======== Supplied data ========

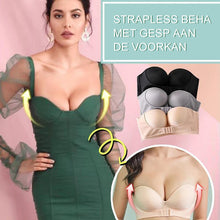 Afbeelding in Gallery-weergave laden, Strapless bh met gesp aan de voorkant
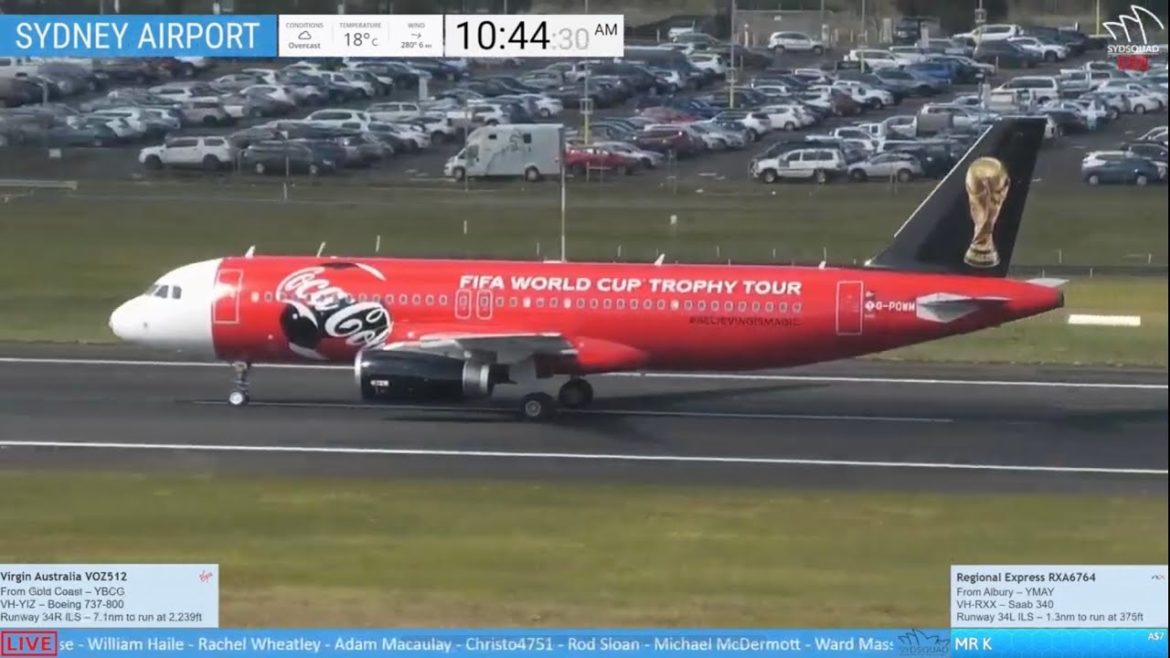🔴 LIVE Plane Spotting 🔴 FIFA World Cup A320 🔴 Sydney Airport + ATC w/ Kurt 🔴 29/8/22 SydSquad SYD 🔴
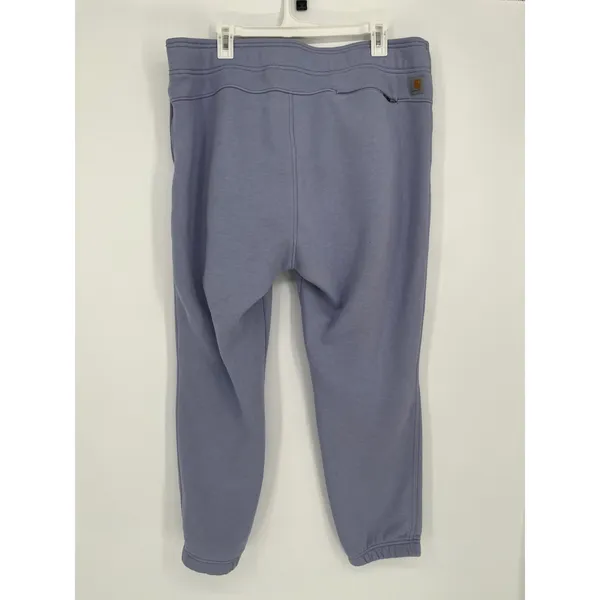 Carhartt Relaxed Fit Jogger Sweatpants Women XL Lavender Fleece Loungewear Work - Image 2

========

**Task statement:**
Every line from the one containing "SydSquad SYD 🔴" through the last line of the data is to be retyped exactly, with nothing added and no pictures included.

**Solution below:**
🔴 LIVE Plane Spotting 🔴 FIFA World Cup A320 🔴 Sydney Airport + ATC w/ Kurt 🔴 29/8/22 SydSquad SYD 🔴
 Carhartt Relaxed Fit Jogger Sweatpants Women XL Lavender Fleece Loungewear Work - Image 2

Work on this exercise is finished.